On April 3, a woman picked up this prayer book while she was shopping at Target. The devotional book, titled “A Rhythm of Prayer: A Collection of Meditations for Renewal” is actually number 1 on Amazon’s Christian Meditation Worship & Devotion section and a New York Times bestseller.
Within its pages, the shopper came across the impassioned “Prayer of a Weary Black Woman” authored by Chanequa Walker-Barnes in which “[a] clinical psychologist, womanist theologian, and ecumenical minister whose work focuses upon healing the legacy of racial and gender oppressions.” In case you were wondering what a “womanist theologian” is, it is a “methodological approach to theology which centers the experience and perspectives of Black women, particularly African-American women.”
And if you were curious as to the pious words of this distinguished theologian, simply put-they are bad. Really bad.
Walker-Barnes began: “Dear God, Please help me to hate White people. Or at least to want to hate them. At least, I want to stop caring about them, individually and collectively. I want to stop caring about their misguided, racist souls, to stop believing that they can be better, that they can stop being racist.” Um, that’s racist.
This tortured soul declares all white people as inherently racist and incapable of character development or morality. She specified her need for Divine assistance in a more proper hate for the “nice” White people, mind you, not the “White anarchist allies who have taken up this struggle against racism their whole lives.” Is Walker-Barnes giving a nod to ANTIFA with these words?
Pay heed. She was certainly not referring to the entire white race, but rather a very specific demographic, namely the “Fox News-loving, Trump supporting voters ‘who don’t see color’ but who make thinly veiled racist comments about ‘those people.’ “The people who are happy to have me over for dinner but alert the neighborhood watch anytime an unrecognized person of color passes their house.” According to Walker-Barnes, most White Americans are both irredeemable and existential threats to the black race.
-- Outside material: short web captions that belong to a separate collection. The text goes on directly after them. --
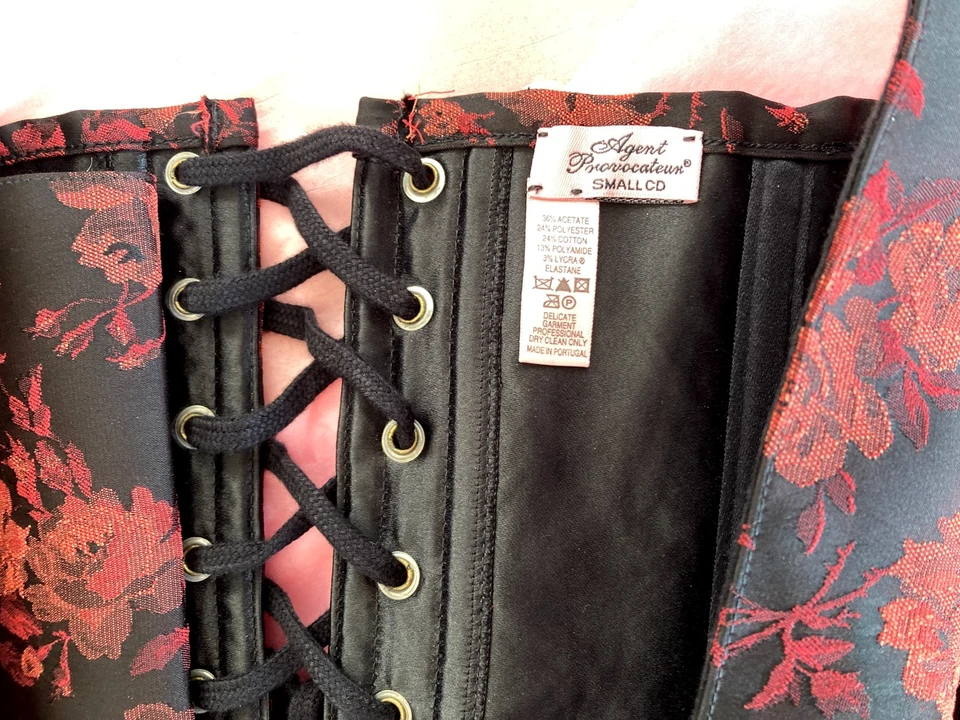 Agent Provocateur gothic black & red S corset C/D cup vintage top — 第 4/4 张图片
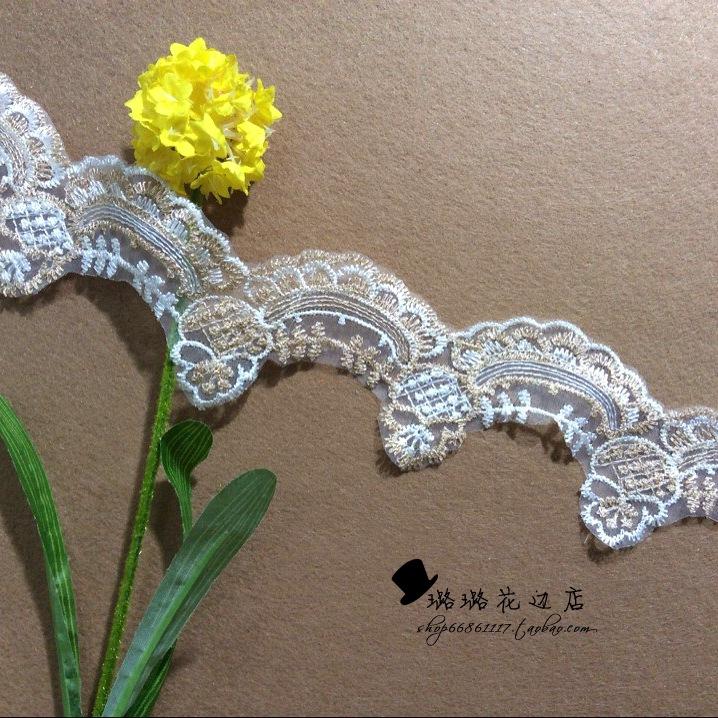 Кружево Кружево Бежевое + Золотая нить Кружево Кружево Ткань для свадебного платья Фата Головной убор Аксессуары для DIY Ткань beige + gold thread, one meter price.
Кружево Кружево Бежевое + Золотая нить Кружево Кружево Ткань для свадебного платья Фата Головной убор Аксессуары для DIY Ткань beige + gold thread, one meter price.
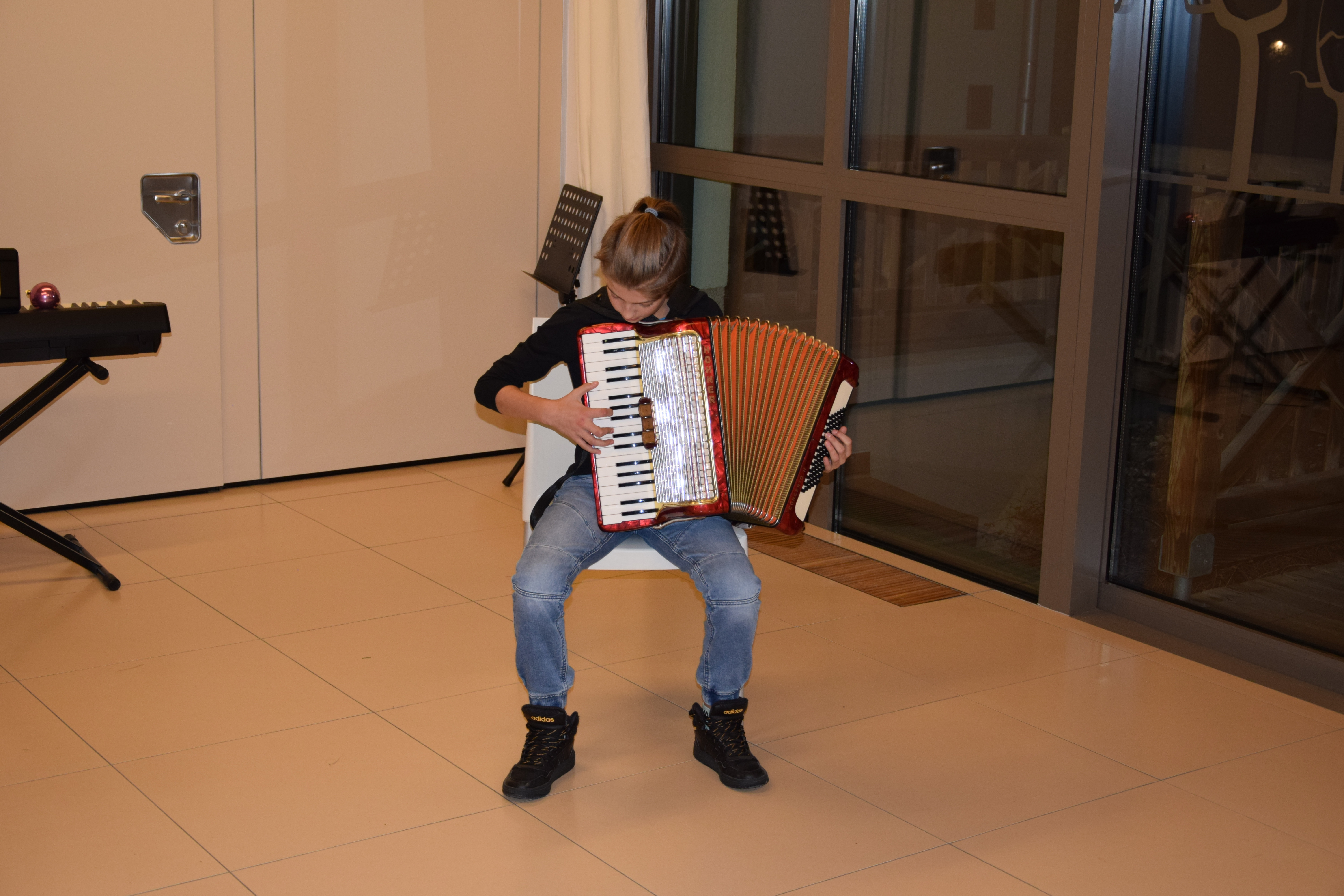 Slavnostni prižig lučk v avli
No wonder Target is selling this delightful book!
Walker-Barnes elucidated her pesky good-heartedness as she called on the Lord to harden her heart. She unfortunately cannot stop herself from seeing the good in her white peers even though they are dangerous racists by their very nature. “Stop me from being hopeful that White people can do and be better. Let me imagine them instead as white-hooded robes standing front of burning crosses. Let me see them as hopelessly unrepentant, reprobate bigots who have blasphemed the Holy Spirit and who need to be handed over to the evil one.”
Bless her.
On Saturday, one of the members of my church sent me these images of a “devotional” she found in Target. This kind of thinking is a direct result of CRT and is completely anti-biblical. I shared the first page on Saturday but let me now share the whole thing for context: pic.twitter.com/oiRxHQXY53
— Ryan McAllister ن (@RyanTMcAllister) April 5, 2021
The full text can be viewed on the original Twitter post by Ryan McAllister, a lead pastor at Life Community Church in Alexandra, Virginia. There he denounced the “devotional,” calling it “a direct result of CRT” (critical race theory), and “completely anti-biblical.” A very rational response, one that has been met with a horrific number of angry ‘self-hating’ liberals. One such imbecile (who is white by the way) responded to the post with, “I encourage you to spend a little time in the imprecatory Psalms, because this prayer is actually deeply Biblical and full of improbable and unearned grace toward White people. Also I recommend reading her book I Bring the Voices of My People.”
Another said, “Pastor, I noticed you’re going offline. Did you know the editor and author of the lamenting prayer are getting threats to their lives and vile responses from “Christians”? I hope you’re just as disgusted by what your words have done as you were about this prayer.” The number of responses of this sort is great and should cause one to consider just how widespread this false, poisonous worldview has infiltrated the populace.
Walker-Barnes’ tedious, racist soliloquy was inexcusable. This entry should stay in the diary of a mad black woman. Not target shelves.